> **WHAT YOU SHOULD DO**: Once you reach the line with "A collection of" in the material below, copy each line exactly up to and including the line with "Slide: The Image", and skip the pictures.

> **RECORDS FOR THIS EXERCISE**:

▬▬▬

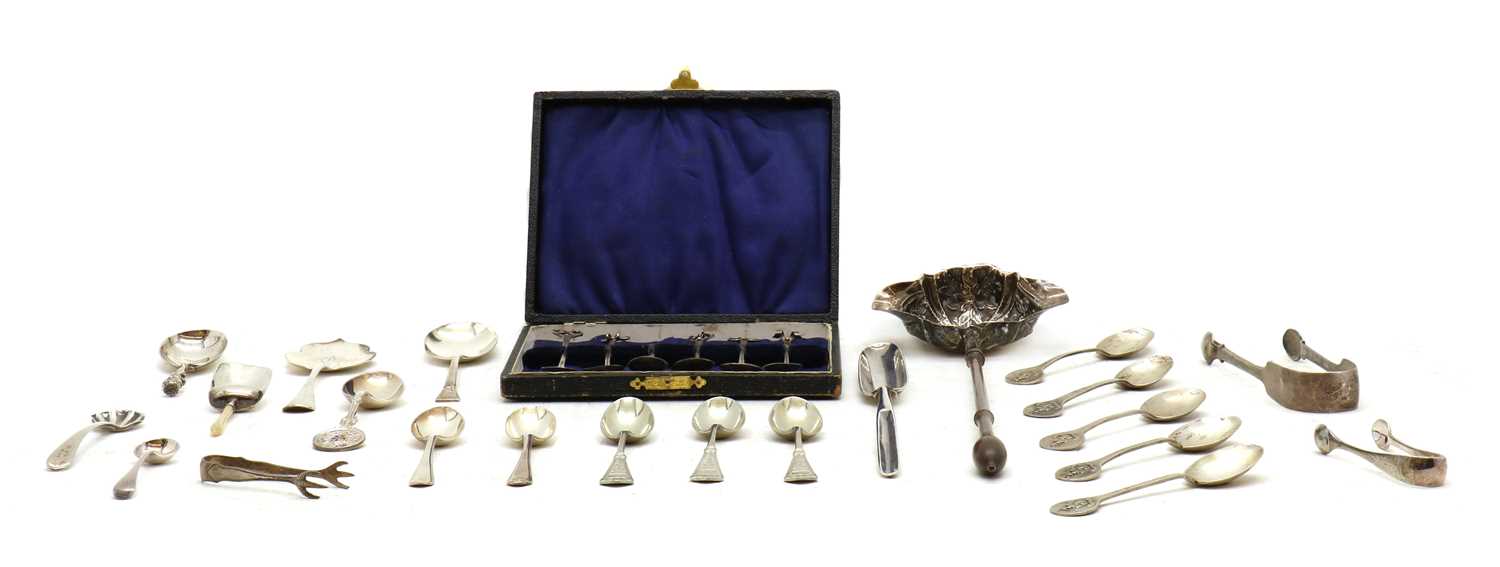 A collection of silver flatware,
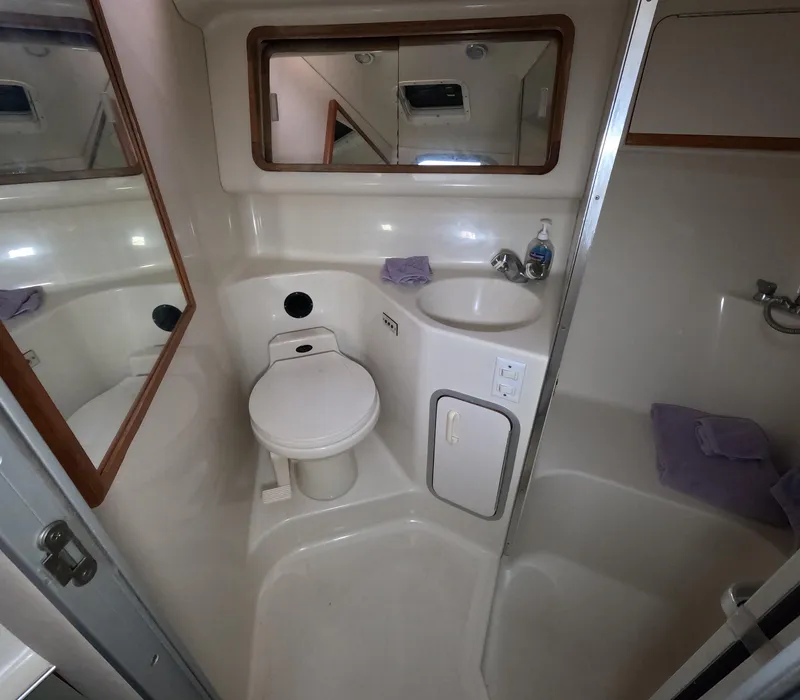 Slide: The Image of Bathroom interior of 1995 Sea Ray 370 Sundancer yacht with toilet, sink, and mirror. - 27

▬▬▬

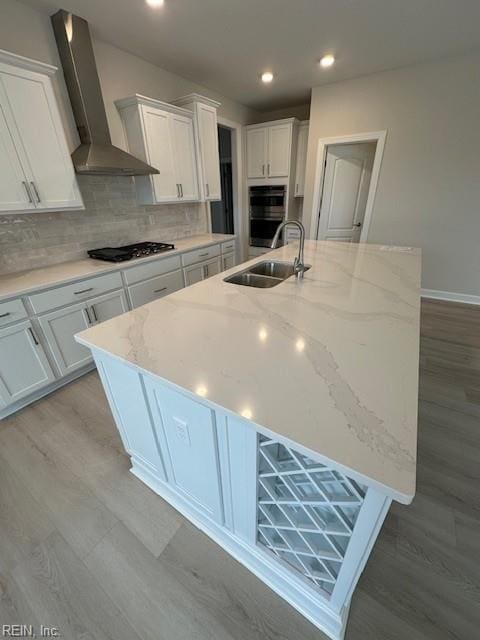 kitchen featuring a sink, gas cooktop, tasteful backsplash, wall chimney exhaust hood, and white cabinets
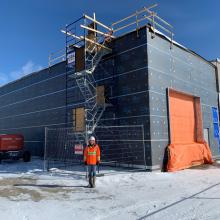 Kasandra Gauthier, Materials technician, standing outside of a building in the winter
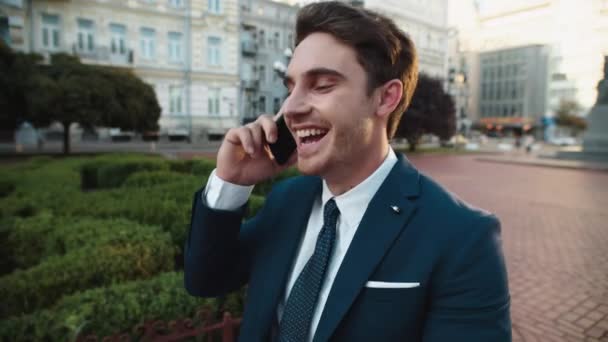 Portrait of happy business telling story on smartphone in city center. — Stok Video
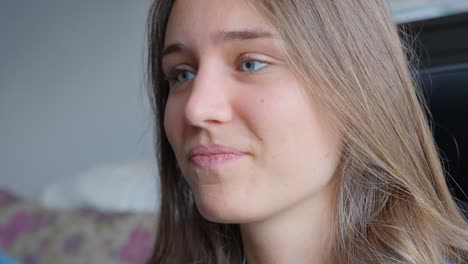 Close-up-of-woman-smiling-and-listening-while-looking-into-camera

▬▬▬

> **FINAL ANSWER**:
 A collection of silver flatware,
 Slide: The Image of Bathroom interior of 1995 Sea Ray 370 Sundancer yacht with toilet, sink, and mirror. - 27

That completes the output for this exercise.